═══ Material provided

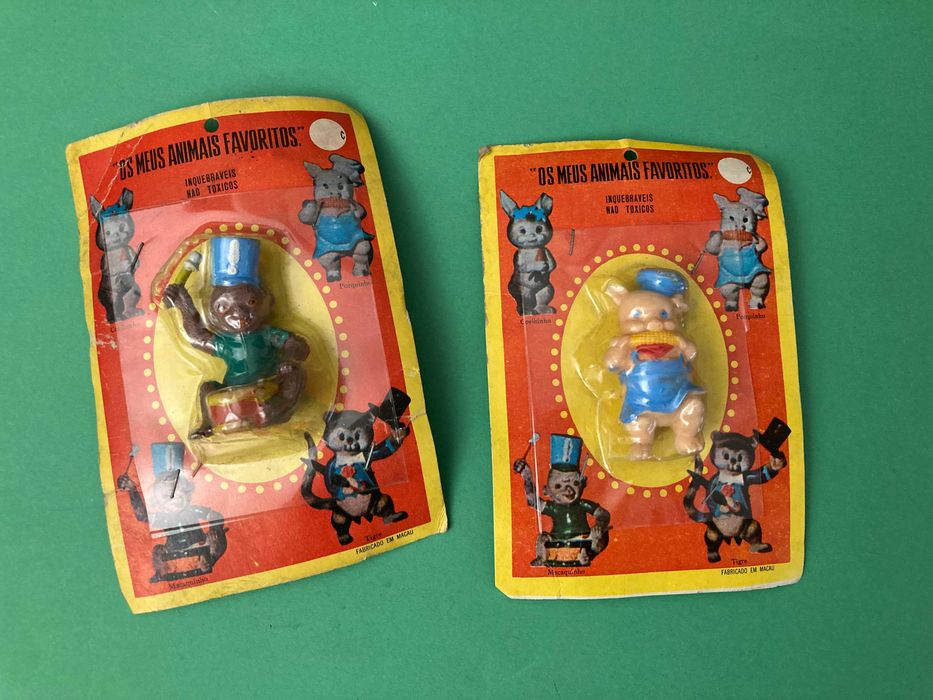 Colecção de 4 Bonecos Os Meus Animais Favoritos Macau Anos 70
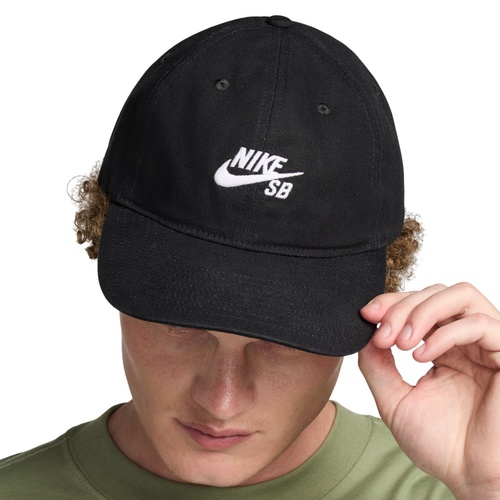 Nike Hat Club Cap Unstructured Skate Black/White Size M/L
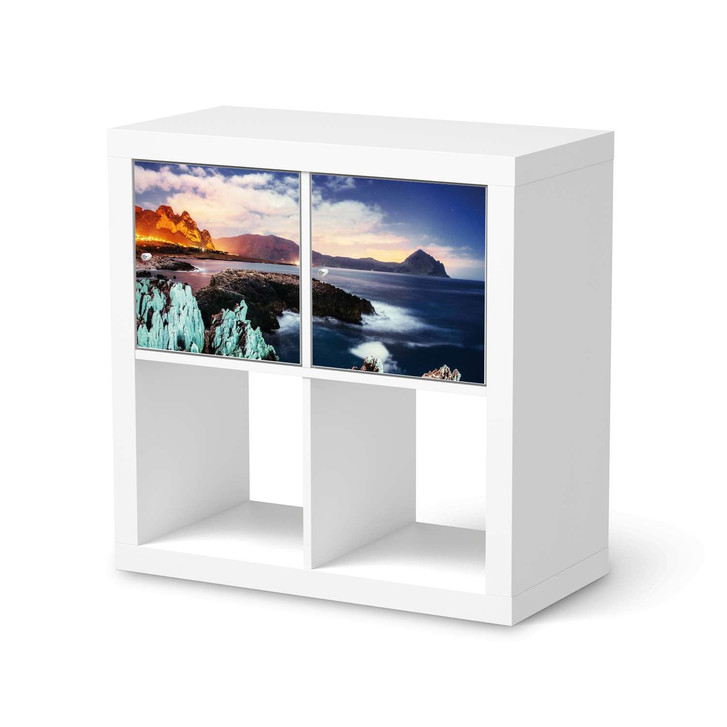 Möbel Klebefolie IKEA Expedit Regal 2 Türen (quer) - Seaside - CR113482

══════

**Required action:** What you output must match the data exactly, apart from the pictures, which are left out.

**Answer to this task:**
 Colecção de 4 Bonecos Os Meus Animais Favoritos Macau Anos 70
 Nike Hat Club Cap Unstructured Skate Black/White Size M/L
 Möbel Klebefolie IKEA Expedit Regal 2 Türen (quer) - Seaside - CR113482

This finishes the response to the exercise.